━━━ RECORDED DATA ━━━

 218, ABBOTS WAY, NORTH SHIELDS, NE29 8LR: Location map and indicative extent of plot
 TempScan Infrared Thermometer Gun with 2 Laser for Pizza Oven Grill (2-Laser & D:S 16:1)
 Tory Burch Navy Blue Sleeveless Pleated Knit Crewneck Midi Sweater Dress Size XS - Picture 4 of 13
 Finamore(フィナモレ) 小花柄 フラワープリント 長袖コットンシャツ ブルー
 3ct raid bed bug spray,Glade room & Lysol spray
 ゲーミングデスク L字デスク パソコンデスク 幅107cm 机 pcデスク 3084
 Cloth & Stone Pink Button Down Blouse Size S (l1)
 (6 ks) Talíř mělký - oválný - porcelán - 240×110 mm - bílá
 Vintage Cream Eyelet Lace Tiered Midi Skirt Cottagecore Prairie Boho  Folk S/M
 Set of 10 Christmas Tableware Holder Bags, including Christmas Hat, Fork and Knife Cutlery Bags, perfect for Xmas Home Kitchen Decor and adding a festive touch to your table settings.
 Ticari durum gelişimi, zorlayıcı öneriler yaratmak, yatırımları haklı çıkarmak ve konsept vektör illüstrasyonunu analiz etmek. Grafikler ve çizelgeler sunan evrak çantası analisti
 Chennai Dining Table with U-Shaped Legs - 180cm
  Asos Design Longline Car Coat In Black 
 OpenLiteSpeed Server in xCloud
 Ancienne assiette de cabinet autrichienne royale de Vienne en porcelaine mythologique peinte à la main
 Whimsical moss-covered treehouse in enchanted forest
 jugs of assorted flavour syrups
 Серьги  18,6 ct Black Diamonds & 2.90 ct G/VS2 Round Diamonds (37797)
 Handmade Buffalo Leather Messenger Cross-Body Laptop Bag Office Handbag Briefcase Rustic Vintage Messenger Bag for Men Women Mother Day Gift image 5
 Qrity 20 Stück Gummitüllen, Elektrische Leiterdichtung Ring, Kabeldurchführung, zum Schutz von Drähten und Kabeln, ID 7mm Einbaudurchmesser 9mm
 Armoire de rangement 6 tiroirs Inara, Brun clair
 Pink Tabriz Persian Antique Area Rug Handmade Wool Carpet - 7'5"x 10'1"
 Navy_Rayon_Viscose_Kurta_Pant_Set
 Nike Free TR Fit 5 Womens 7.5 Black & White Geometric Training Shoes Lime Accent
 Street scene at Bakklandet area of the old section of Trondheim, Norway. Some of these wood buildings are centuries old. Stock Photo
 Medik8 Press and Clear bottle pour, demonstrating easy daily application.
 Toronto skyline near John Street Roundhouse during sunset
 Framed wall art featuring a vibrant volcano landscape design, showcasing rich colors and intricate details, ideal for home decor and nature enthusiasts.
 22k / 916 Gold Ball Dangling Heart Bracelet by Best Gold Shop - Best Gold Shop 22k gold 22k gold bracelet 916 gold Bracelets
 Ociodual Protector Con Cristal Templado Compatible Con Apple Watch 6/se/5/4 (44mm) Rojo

━━━

Reproduce exactly the stretch of the material above that starts at the line with "Whimsical moss-covered treehouse" and ends at the line with "Handmade Buffalo Leather", both included, and nothing else.

 Whimsical moss-covered treehouse in enchanted forest
 jugs of assorted flavour syrups
 Серьги  18,6 ct Black Diamonds & 2.90 ct G/VS2 Round Diamonds (37797)
 Handmade Buffalo Leather Messenger Cross-Body Laptop Bag Office Handbag Briefcase Rustic Vintage Messenger Bag for Men Women Mother Day Gift image 5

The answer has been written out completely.